→ EXERCISE INSTRUCTIONS
Where a picture appears, skip it and copy everything else in the listing exactly.

→ SUPPLIED MATERIAL
==============================
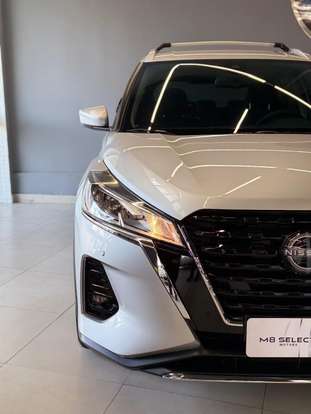 NISSAN-KICKS PLAY-1.6 16V FLEXSTART ADVANCE PLUS XTRONIC NISSAN-KICKS PLAY-2025
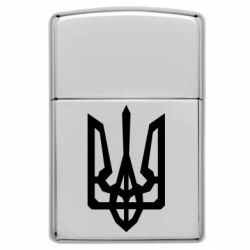 Запальнички газові у стилі Zippo - FATLINE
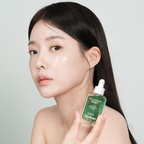 MAYBENA Vegan PDRN73 Rewitalizująca Ampułka 30ml Nauka w każdej kropli
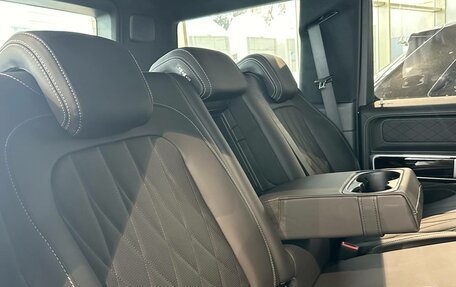 Mercedes-Benz G-Класс AMG, 2025 год, 28 000 000 рублей, 17 фотография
==============================
→ EXERCISE SOLUTION
 NISSAN-KICKS PLAY-1.6 16V FLEXSTART ADVANCE PLUS XTRONIC NISSAN-KICKS PLAY-2025
 Запальнички газові у стилі Zippo - FATLINE
 MAYBENA Vegan PDRN73 Rewitalizująca Ampułka 30ml Nauka w każdej kropli
 Mercedes-Benz G-Класс AMG, 2025 год, 28 000 000 рублей, 17 фотография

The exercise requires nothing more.